For now, though, they have to eat.
Guilmette, 63, whistles in long and short bursts. He's trained the pigeons to return home with this call. They circle and dive and dance in the sky. Their white feathers flash against the sun as they break formation and roll toward the earth. A few swoop over an apple tree.
He shakes the food container and continues to whistle. He would coo if it would help.
Guilmette, a former beekeeper, has been racing pigeons for the past three years with good success. He and his wife, Evelyn Guilmette, operate G & G Lofts as breeders and racers, but it's more of a hobby than a full-fledged business.
As the president of the North Cascade Invitational Racing Pigeon Club, Guilmette and his group participate in a sport that dates back hundreds, if not thousands, of the years. Once a sport favored by royalty in Europe, homing pigeons were introduced to the United States in the late 1800s. Since then, homing pigeons have been raced for sport, to deliver messages, used for communication in wars, and even to collect data to determine air quality over larger cities.
Depending on whom one talks to, pigeon racing is either growing in popularity or dying out across the nation. For Guilmette's club, and several like it across the state of Washington, raising and racing pigeons is a hobby like no other.
"It's something you can't do halfway," Guilmette said. "It's not a hobby you can just pick up and then decide one day to drop it. It's a commitment."
FOR THE BIRDS
At any given time, Guilmette will have as many as 100 pigeons in his coops. That number fluctuates higher in the spring and lowers later in the season as birds drop out during racing season.
The birds are kept separated most of the year. The younger birds in training stay in one loft. The hens stay in another. The cocks stay in yet a different coop. There's a loft for breeding and a loft for rehabilitating birds injured or attacked by predators during flights. The Guilmettes' operation isn't small, but it's hardly large by most pigeon breeders' standards.
"The idea isn't how many birds you have, it's how healthy they are and what kind of condition they are in," Guilmette said. "You could have 1,000 birds, but they aren't worth anything because you just let them get run down."
Guilmette trains his birds as if they were Olympic athletes. Special meals of grains and vitamins are prepared. Sometimes tea can be slipped into their water for a caffeine boost. Sometimes they are fed a small amount of yogurt to keep their digestive track in shape. Their workouts are staggered and tapered. Stamina is built up over months of exercise and racing.
A typical week during the racing season has the birds taking part in a 50- or 60-mile workout on Monday or Tuesday and another on Wednesday, followed by a resting day on Thursday. On Friday the pigeons are basketed and readied for travel in preparation for Saturday's race. Sunday is another off day.
An average race takes several hours and might cover a few hundred miles depending on where the toss point is, but it isn't uncommon for at least a few birds to beat their owners back to the loft.

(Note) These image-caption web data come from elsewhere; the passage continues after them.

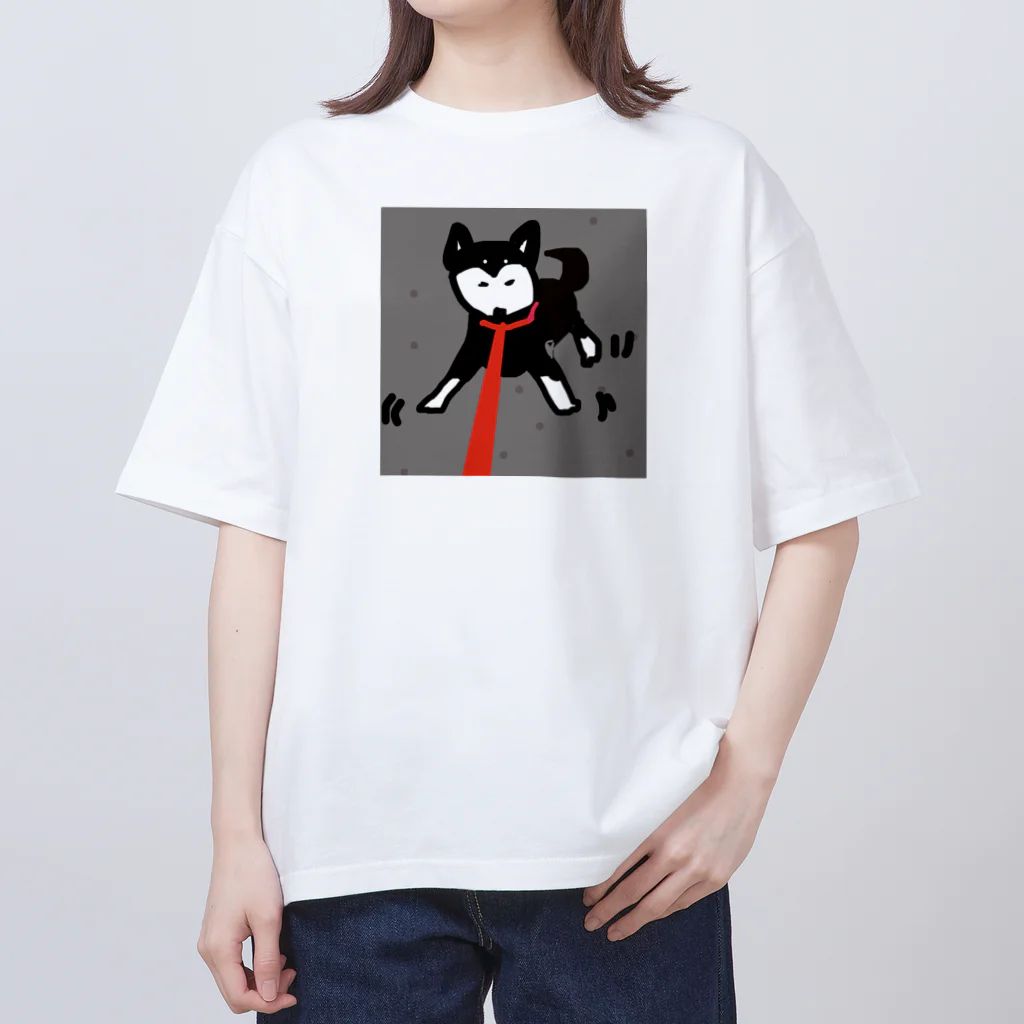 ペコりんショップの柴犬散歩拒否 Oversized T-Shirt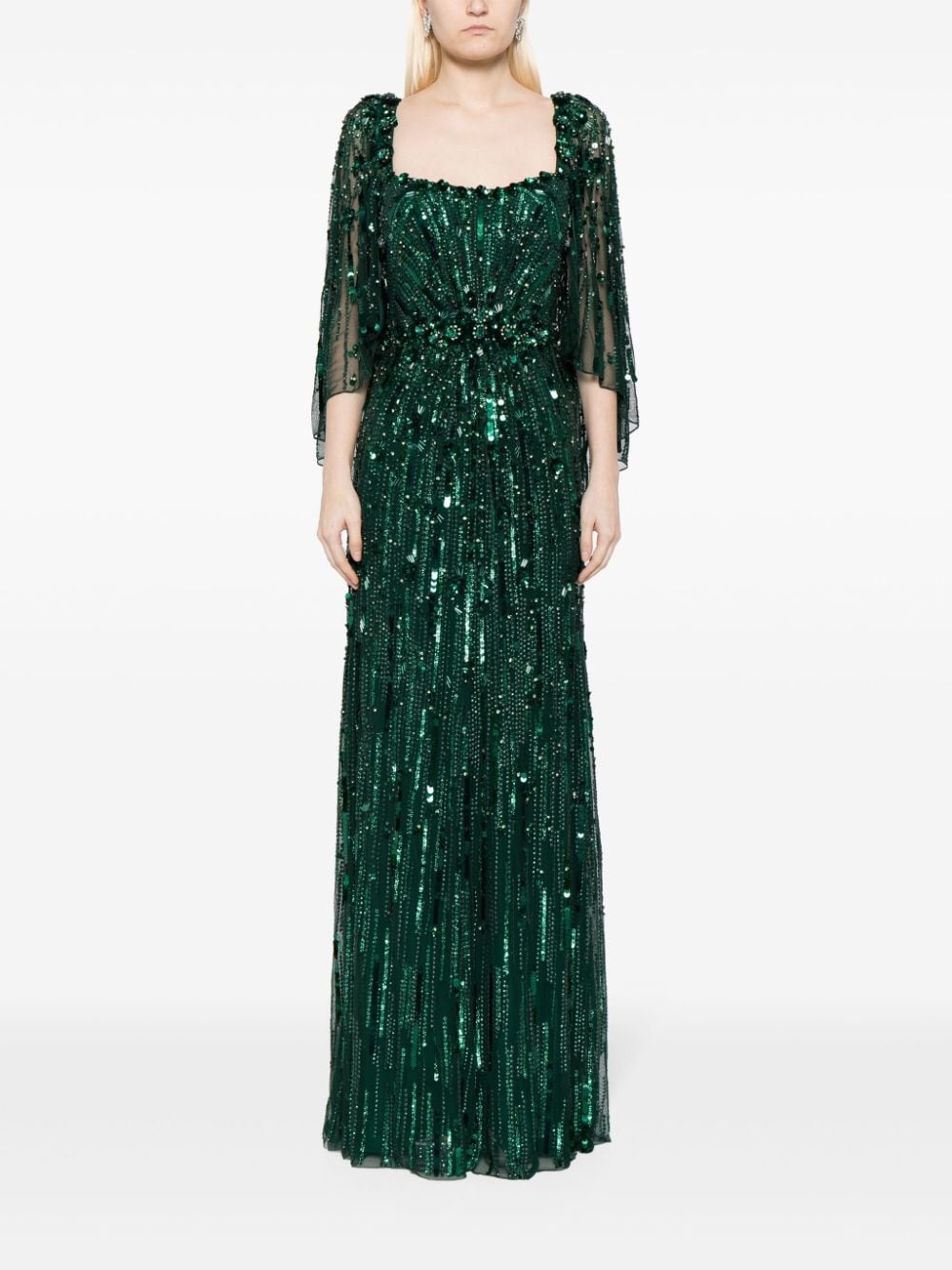Brightstar sequin-embellished gown - 2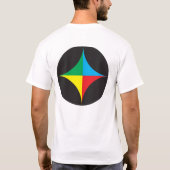 rode, groene, gele ster t-shirt (Achterkant)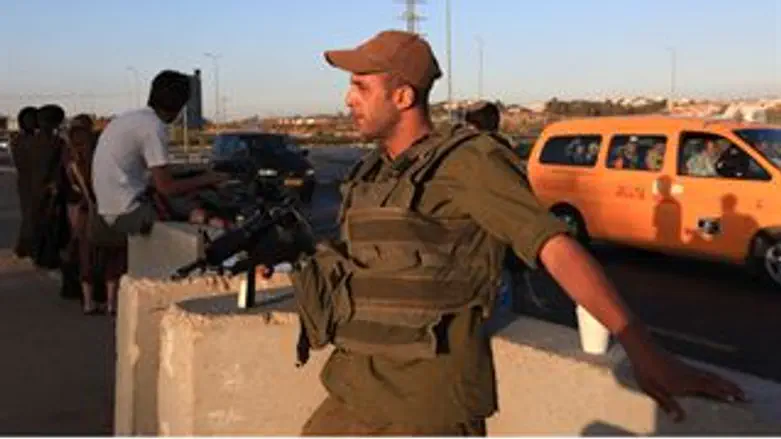 חיילי צה"ל בגזרת קרני. ארכיון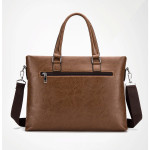 Men's Business Horizontal Leather Briefcase Handbag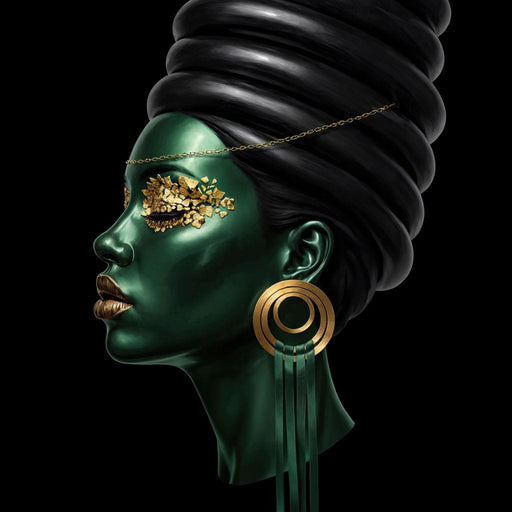Emerald Empress - TooplesArt Canvas Print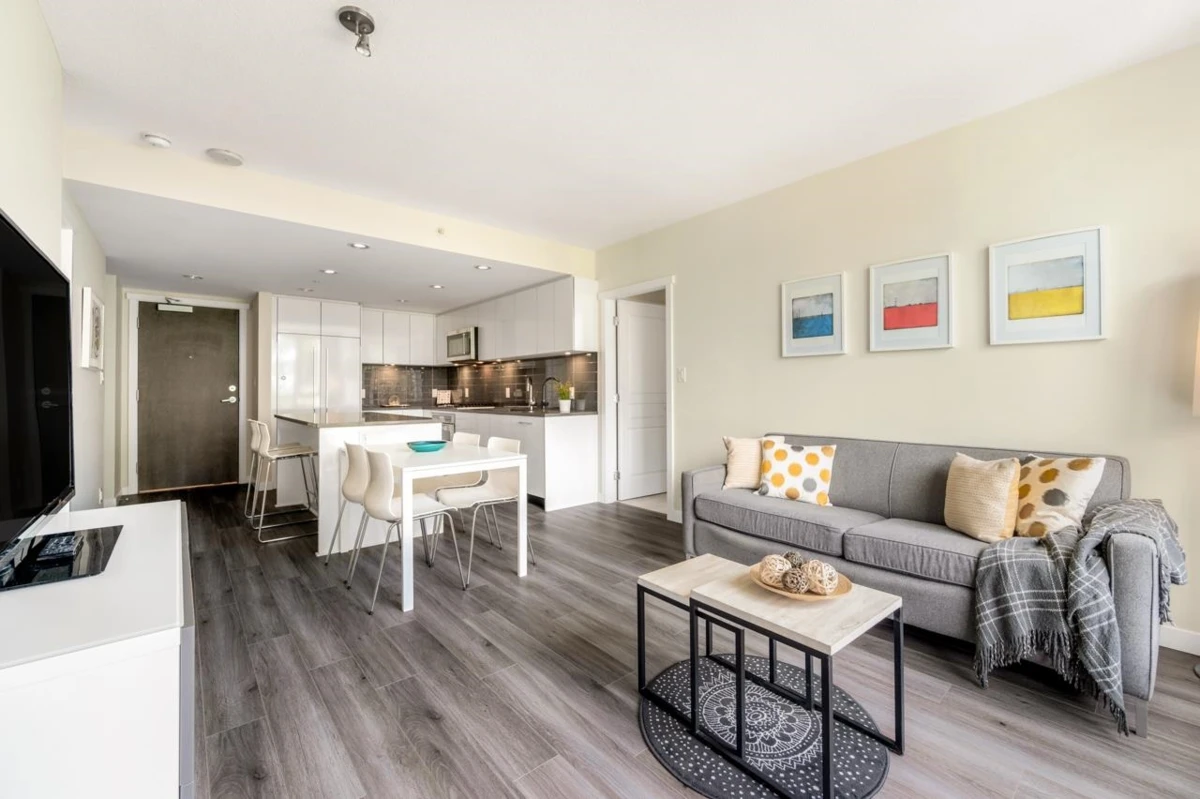 Living Room Photo of 805 3096 Windsor Gate, Coquitlam, BC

"If they don't come home or they don't win races, then we don't really have any use for them," Guilmette said. "Then we have to find another home for them."
PUNCHING THE CLOCK
In the early days of pigeon racing, racers used a wind-up clock and ankle tag system. It worked somewhat like a work clock and time card to track the speed a bird traveled across a designated distance. Owners collected their birds' ankle bracelets as they arrived at the coop and then punched the bracelet at the clock to record the time.
Everything is computerized now.
Pigeons wear electronic bands that register the rate at which a bird has travelled from one point to another. A computer tabulates all of the information. Typically, a pigeon averages a speed of about 45 miles per hour in flight.
The winner of a race is determined by how fast a bird is traveling in yards per minute over a course, so an owner like Guilmette can still come away with the top flyer despite the bird having to travel a further distance home than if its coop where in, say, Everett. That allows groups like the NCI club, of which Guilmette is a member, to compete against other groups from places like Arlington, Everett, and Seattle. The grouping of clubs is called a concourse.
"The fastest birds win," Guilmette said. "The guys down there usually have a little bit of an advantage over us because their birds don't have as far to fly. But if the wind is right, we have an advantage because their birds can over-fly their destinations. I've had birds here from Everett because they over-flew the mark that much."
Owners rarely exchange money in the races Guilmette takes part in, but the last young bird race of the year does feature a payout. This year's winner of the North Cascade Invitational Fall Classic pocketed about $2,000 after winning several of the racing categories.
Five clubs and about 40 birds took part in the race, which started in Battle Ground. It took a little more than three hours for the fastest birds to cover the 190-mile course.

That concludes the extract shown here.